Total high-molecular-weight DNA was extracted from liver tissue collected at necropsy from NHPs treated with AAV8.TBG.rhLDLR, AAV8.TBG.hLDLR or AAV8.TBG.GFP (day 760). Biotinylated probes complementary to the ITRs, enhancer, promoter, transgene, woodchuck hepatitis virus post-transcriptional regulatory element (when present) and poly(A) sequences of the vector were hybridized with DNA samples, followed by pulldown with streptavidin-conjugated beads. Enriched DNA was subjected to unbiased linear amplification using the repliG system (Qiagen) and submitted for long-read sequencing using the PacBio Sequel II system and HiFi read technology. To generate these HiFi reads, the pool of enriched DNA was assembled into SMRTbell templates, which contain the double-stranded template DNA to be sequenced with single-stranded hairpin adapters on either end, and subjected to sequencing via CCS with 30 h of sequencing time.

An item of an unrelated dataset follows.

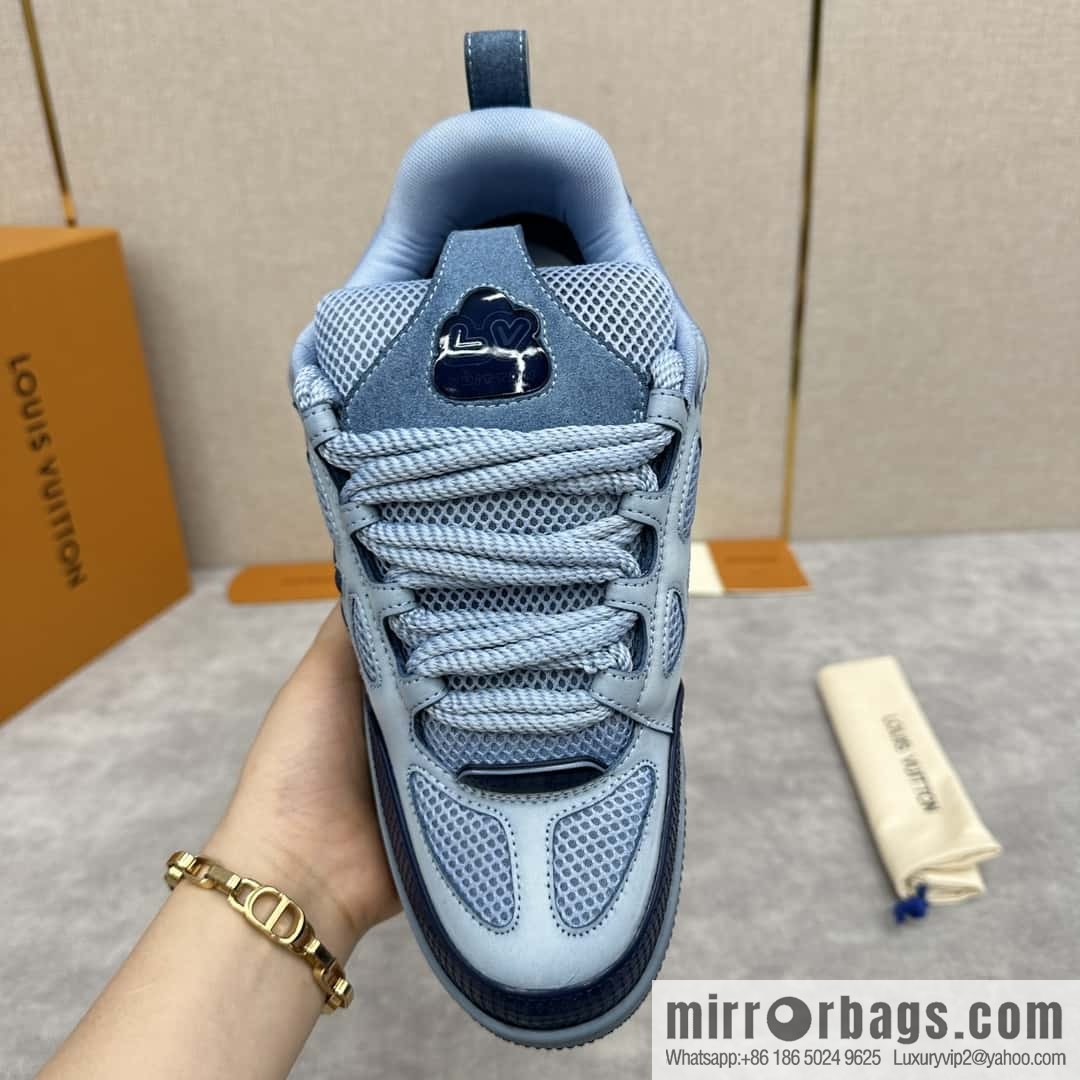 ππL home new products L * V SKATE washing gradual change sports shoes series 1ACQML new LV SKATE sports shoes of the season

The generated HiFi CCS reads (>99% accuracy and Q > 20) were mapped to the rhesus macaque and vector genomes with quantitative and qualitative assessments made using a custom analysis pipeline including BEDtools (version 2.30.0), Samtools (version 1.11), Minimap2 (version 2.24), Cutadapt (version 3.4) and Picard (version 2.26.10), along with visualization of individual reads using the Integrative Genomics Viewer (version 2.16.0). The numbers of CCS reads containing a functional transgene with or without a promoter upstream of the transgene sequence were determined. Reads containing flanking genomic DNA and vector DNA were categorized as integrated. The CIGAR string of these AAV/genomic DNA chimeric reads was used to extract the insertions and deletions within the rhesus genome. Reads containing flanking genomic sequence on both ends of vector sequence were broadly assessed for integrity of the adjacent genomic DNA via NCBI BLAST RefSeq Genome Database for Rhesus Macaques. Reads with at least one flanking genomic sequence were assessed for the presence of ITR sequence and whether the ITR was intact or had a break point. An intact ITR sequence was defined as having a length of 165–173 bp. Break points were assessed, and ITRs from the same long read were compared.

Long-read analysis of vector and plasmid DNA by Oxford nanopore sequencing

Plasmid DNA used for vector production was linearized by restriction enzyme digestion and sequenced by Oxford Nanopore Technologies long-read sequencing. For AAV vectors, lambda genome was spiked in, and DNase was added to remove potentially contaminating DNA. The capsid was then denatured, and the vector genomes were annealed to create a double-stranded template. Library preparations for plasmid DNA and vector were performed using the Ligation Sequencing gDNA Native Barcoding kit (SQK-NBD112.24) from Oxford Nanopore Technologies. A custom script tested for remaining lambda DNA (to ensure that the DNase treatment worked) and allowed for subsequent mapping of long-read sequences to the plasmid DNA sequence, vector ITR-to-ITR genome and/or trans- and helper plasmids used in vector production, Escherichia coli and HEK293 cell DNA.

Statistical analysis

Comparisons between time points were performed for vector genome copy, transgene RNA, DNA ISH and RNA ISH levels using paired t-tests in the ‘t.test’ function within the R Program (version 4.1.3). We conducted comparisons between vector genome copies and transgene RNA and quantifications of DNA ISH and IHC using linear mixed-effect modeling and the ‘lme’ function in the ‘nlme’ package for R. A P value of <0.05 was considered significant.

Reporting summary

Further information on research design is available in the Nature Portfolio Reporting Summary linked to this article.